A top executive from Turkey’s Nationalist Movement Party (MHP) has said the country’s main opposition Republican People’s Party (CHP) does not aim to serve the nation but rather to eliminate the one-man rule in the country and bring democracy.
The controversial remarks of MHP Deputy Chairman Yaşar Yıldırım came during a phone interview with the pro-government A Haber news station on Thursday.
Yıldırım was commenting on the results of the March 31 local elections, at the end of which the opposition candidates won the mayor’s offices in major cities such as Ankara, İstanbul, İzmir and Adana.
“Democracy comes into existence at the ballot box, not in the streets. … The CHP does not aim to serve the nation by winning the mayoral posts; they have a chairman who says, ‘We will adopt democracy and destroy the one-man rule.’ This is their goal. Will this happen and will they try to achieve this? Yes. We should not let this happen,” said Yıldırım.

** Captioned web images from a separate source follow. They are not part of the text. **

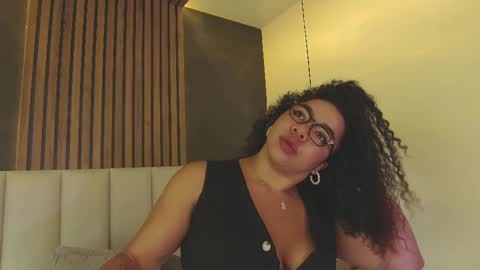  Memphis Williams  online show from February 26, 3:21 am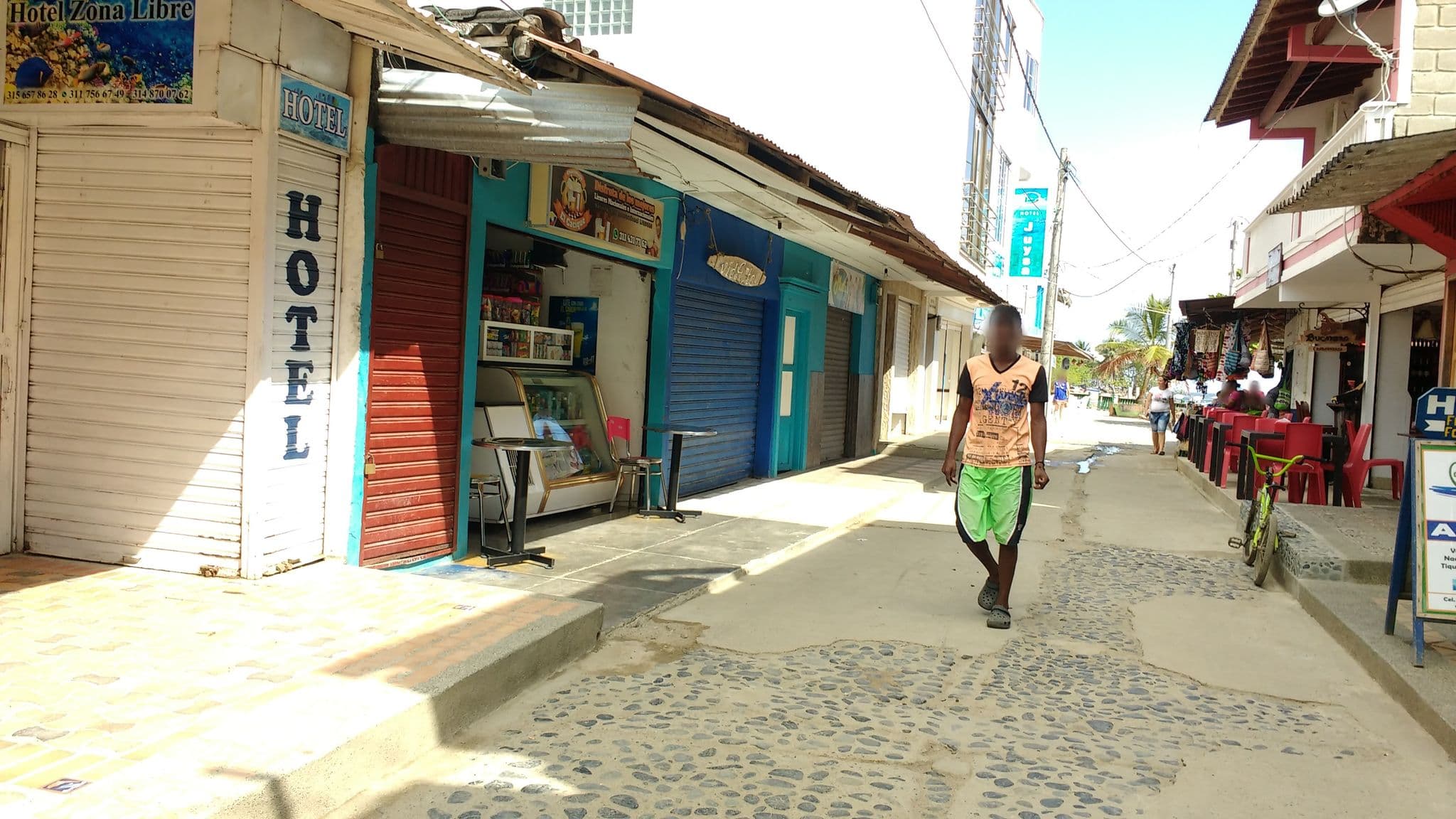 Street view near Hotel Zona Libre Capurgana, Capurganá — © kleper (CC BY-SA · Mapillary)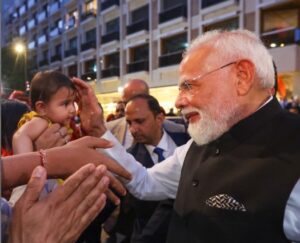 Dhoad Gypsies Rajasthan performing folk music during PM Modi Paris welcome programme with Jaipur Maharaja Brass Band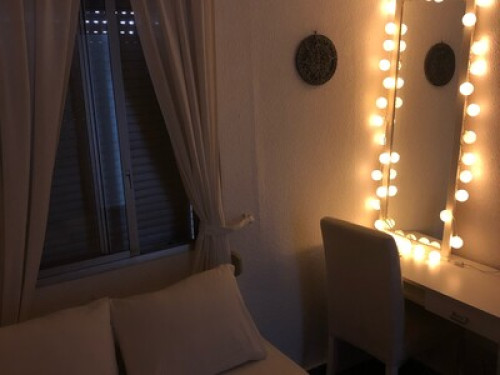 Private room + wifi + tv in vlc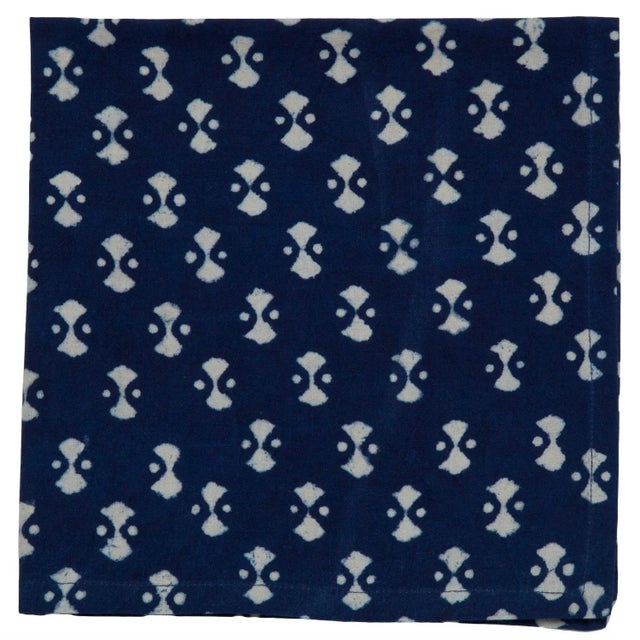A delightful addition to any dinner table, our indigo print napkins are ideal for special occasions and lovely for simple...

The CHP and critics of Turkish President Recep Tayyip Erdoğan accuse him of establishing a one-man rule particularly after Turkey effectively switched to an executive presidency from a parliamentary system in the presidential elections held in June 2018.
The MHP was the election alliance partner of Erdoğan’s ruling Justice and Development Party (AKP) in the general and presidential elections held in June 2018 as well as in local elections held on March 31.